■ Your assignment ■
Nothing but an exact copy is asked for: the lines in the material below from the one with "Skaļruņi Sven SPS-702 Black" through the one with "Mặt tiền dự", pictures excluded.

■ Entries provided ■

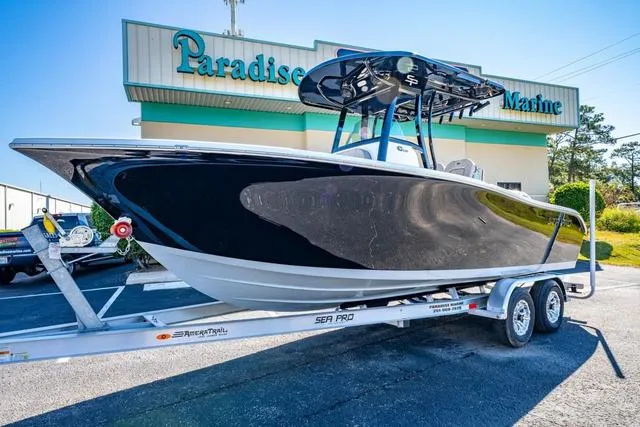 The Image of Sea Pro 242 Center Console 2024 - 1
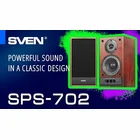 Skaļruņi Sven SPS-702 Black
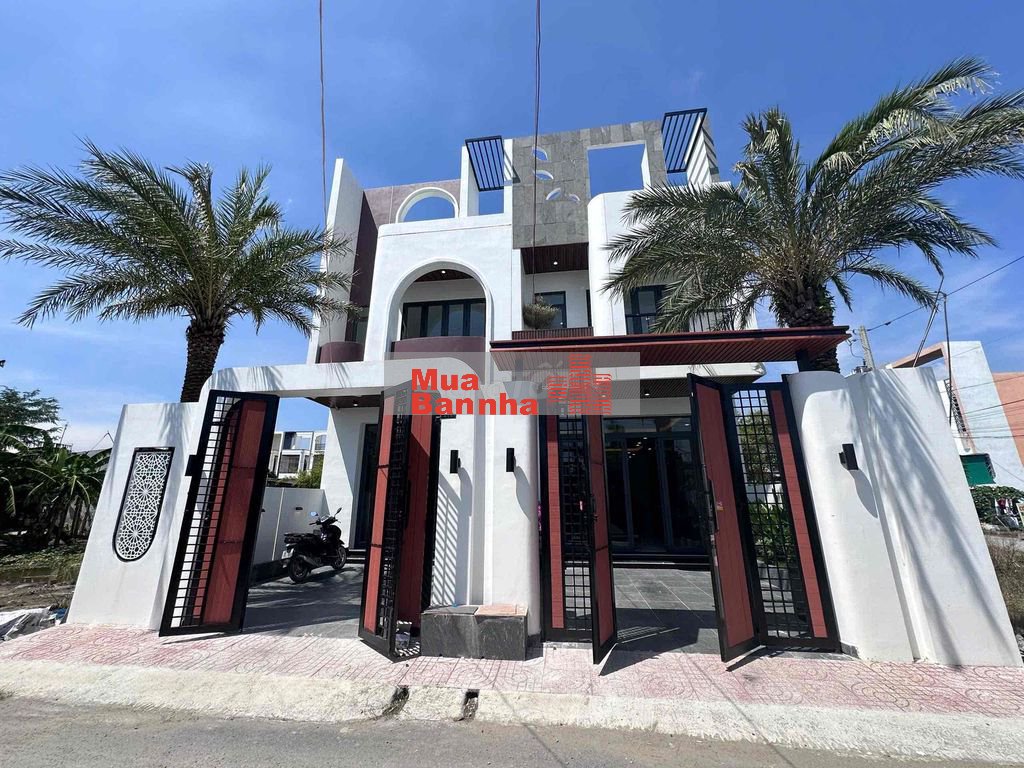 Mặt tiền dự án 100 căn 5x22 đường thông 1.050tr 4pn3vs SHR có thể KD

==

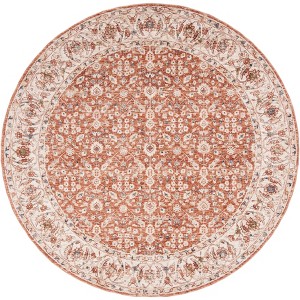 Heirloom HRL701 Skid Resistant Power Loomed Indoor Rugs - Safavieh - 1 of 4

■ Response to this exercise ■
 Skaļruņi Sven SPS-702 Black
 Mặt tiền dự án 100 căn 5x22 đường thông 1.050tr 4pn3vs SHR có thể KD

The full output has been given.